Ground is direct to - terminal of battery, unfused, 10 gauge also
Trigger-on in by blu/wht wire, extended, from H/U, above, direct.
Audio in is by way of 12' RCA cables, above
4 channel amp, input switch mode set to 2ch
Rest is speaker wiring.
How does yours differ from this?


I may also be an Idiot, but i'm an idiot who's stereo works, with an amp, and an HEI, with no problems, and i installed all of it.
My system is installed like this.
Head unit, in dash:
Back up power to original stereo ylw wire
Main power to 'batt' tab in fuse box
Stereo ground to original stereo blk gnd wire
Audio out is by way of 2 RCA cables
Signal to Amp is by way of Amp/power ant output blu/wht wire from H/U
Amp, on rear shelf back panel:
Power direct to + terminal of battery, fused w/25A fuse, 10 gauge wire, side terminals, by ylw crimped ring lugs.
Ground is direct to - terminal of battery, unfused, 10 gauge also
Trigger-on in by blu/wht wire, extended, from H/U, above, direct.
Audio in is by way of 12' RCA cables, above
4 channel amp, input switch mode set to 2ch
Rest is speaker wiring.
How does yours differ from this?
Thanks
jim
Last edited by luerja; May 20, 2009 at 09:33 AM.
Yes, from stereo to amp., it shields the signal. My setup is similar except RCA cables & all stereo power is from bat. w/ switch to turn on, not fusebox. Both stereo & amp. gnd. to bat. I don't normally run the stereo w/ engine on, no problems though.
Where is power to MSD coming from? It is said that stereo power & RCA cables may need to be on different sides of console.


Jim
Yes, from stereo to amp., it shields the signal. My setup is similar except RCA cables & all stereo power is from bat. w/ switch to turn on, not fusebox. Both stereo & amp. gnd. to bat. I don't normally run the stereo w/ engine on, no problems though.
Where is power to MSD coming from? It is said that stereo power & RCA cables may need to be on different sides of console.

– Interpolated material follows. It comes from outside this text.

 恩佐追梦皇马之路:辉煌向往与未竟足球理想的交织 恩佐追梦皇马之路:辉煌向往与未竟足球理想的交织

I purchased a 4 post optima battery.... so the MSD it connected to one set of posts and the stereo is connected to the other set of posts...
Thanks
jim
Also, I think you may have your power wires for the head unit backwards. I think the yellow wire is supposed to go to the switched source and the red wire to the battery terminal.
You might verify with your stereo's installation manual.
cc


Also, I think you may have your power wires for the head unit backwards. I think the yellow wire is supposed to go to the switched source and the red wire to the battery terminal.
You might verify with your stereo's installation manual.
cc
Last edited by luerja; May 20, 2009 at 12:14 PM.
That's what I expected. I have not seen this problem before & without claiming to be a stereo/electronics expert (there are some in the audio electronics section):
Now don't tell me the MSD is grounded to bat.?
If yes, move that first & test. Next move MSD power from bat. or at least run the power wire away from stereo power wires & test.